M. Mbougar Sarr: plaidoyer pour une « vraie bibliothèque de Babel »

Le jeudi 16 février se tenait le passage de relais entre titulaires de la chaire d’écrivain en résidence de Sciences Po, de Nathacha Appanah à Mohamed Mbougar Sarr. Lors de cet événement, l’écrivain sénégalais a plaidé pour une littérature universelle et une guerre des canons.

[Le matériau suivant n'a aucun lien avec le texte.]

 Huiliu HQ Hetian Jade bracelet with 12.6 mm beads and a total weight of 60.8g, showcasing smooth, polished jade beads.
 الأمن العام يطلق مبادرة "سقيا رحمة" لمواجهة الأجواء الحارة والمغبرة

« La guerre des canons doit avoir lieu : pour une vraie bibliothèque de Babel ». C’est par cette formule énigmatique que Mohamed Mbougar Sarr a ouvert son propos jeudi 16 février, en l’amphithéâtre Jacques Chapsal. Prix Goncourt 2021 pour son roman La plus secrète mémoire des hommesil prenait le relais de Nathacha Appanah en tant que titulaire de la chaire d’écrivain en résidence de Sciences Po.  

Créée par le Centre d’Écriture et de Rhétorique de Sciences Po, la chaire d’écrivain a pour objectif de développer les capacités d’écriture et de parole des étudiants, ainsi que de promouvoir la création littéraire. Occupée par un écrivain en langue française et renouvelée chaque semestre depuis septembre 2018, Mohamed Mbougar Sarr en est le neuvième titulaire. 

Que trouve-t-on dans la bibliothèque de Babel ?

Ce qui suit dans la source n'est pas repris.